Chateau du Chatelard




Fleurie is one of the ten Village Cru of Beaujolais (others include Julienas, Morgon, Brouilly, Chiroubles, Moulin a Vent). These are villages with particular characteristics to elevate them above the generic Beaujolais Villages status. All villages share common soils of granite and/or schist with Gamay the only permitted red variety.

Each village produces a different style - Fleurie will be more floral and delicate, Morgon meatier and fuller.

Chateau du Chatelard was until recently in the hands of the Rosier family before the King of Beaujolais, George du Boeuf, made them an offer. The property is left to operate autonomously and produces refined, elegant and great value wines.

Red fruits (raspberries/cherries) and violets on the nose. Clean and intense fruit on the palate with the granite soils providing a mineral element. Very well balanced with good acidity, very light tannins and lengthy finish. Cured meats, grilled meats (red and white), game.





Naples, Vesuvius, Amalfi coast, islands of Capri - all situated in the Campanian region. Terredora vineyards are planted on volcanic soils to the east of Naples in the Irpinian Hills.

Metres deep volcanic soils come courtesy of the Vesuvian eruption in AD79 - the blast height was huge as was the blast zone - Irpinian hills are more than 30km away.

The Aglianico variety was introduced into Southern Italy (specifically Campania and Basilicata) by the Greeks 2500 years ago.

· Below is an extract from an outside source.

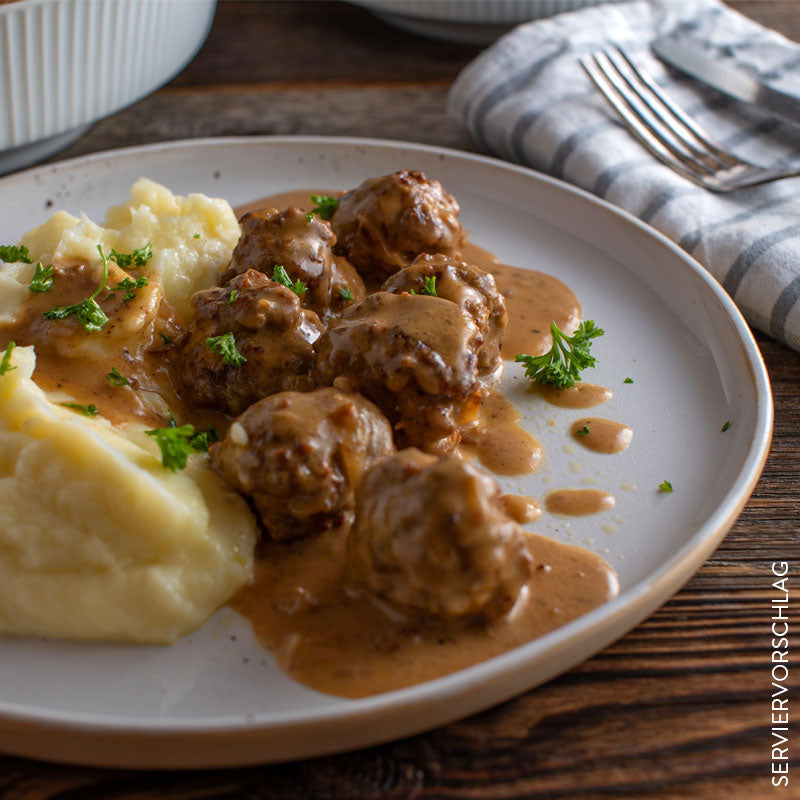 GLÄDJE – Bio-Köttbullar in Preiselbeerrahmsauce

Terredora was established by Walter Mastroberardino in 1994, at the age of 60,

after a family disagreement. Walter got the vineyards and his brother, the winery. Since then Terredora has become one of the very best producers of Campanian wines.

Black and purple fruits on the nose, a hint of smokiness and a trace of violets. Exquisitely balanced palate - fruit, acidity and tannins - with length.

Oscar Tobia






Rioja is not one uniform region but is split into 3 zones - Rioja Alta to the west, Rioja Alavesa (Central/NE of Alta) and Rioja Baja to the East. The River Ebro is the "backbone" running NW to SE and there are 7 seven tributaries feeding from the south into the Ebro within the designated Rioja region.

Climates in each are different and distinct with more westerly vineyards subject to

Atlantic influences and easterly ones with more Mediterranean influences.

Oscar Tobia owns vineyards in different parts of Rioja Alta and uses the Seleccion de Autor to showcase the best from each. The tempranillo is sourced from four vineyards in Rioja Alta, ranging in vine age from 100 years old to 45 years old.

Harvests last about 4 weeks, dependent on soils, location and altitiude and 2015 was the earliest in the history of Rioja wine.

Very elegant black fruits with light spices - black pepper and nutmeg - on the nose. Velevety and round on the palate with light tannins. Very good intensity and acidity. Lengthy finish with some menthol tastes popping up. Ideal with spring lamb.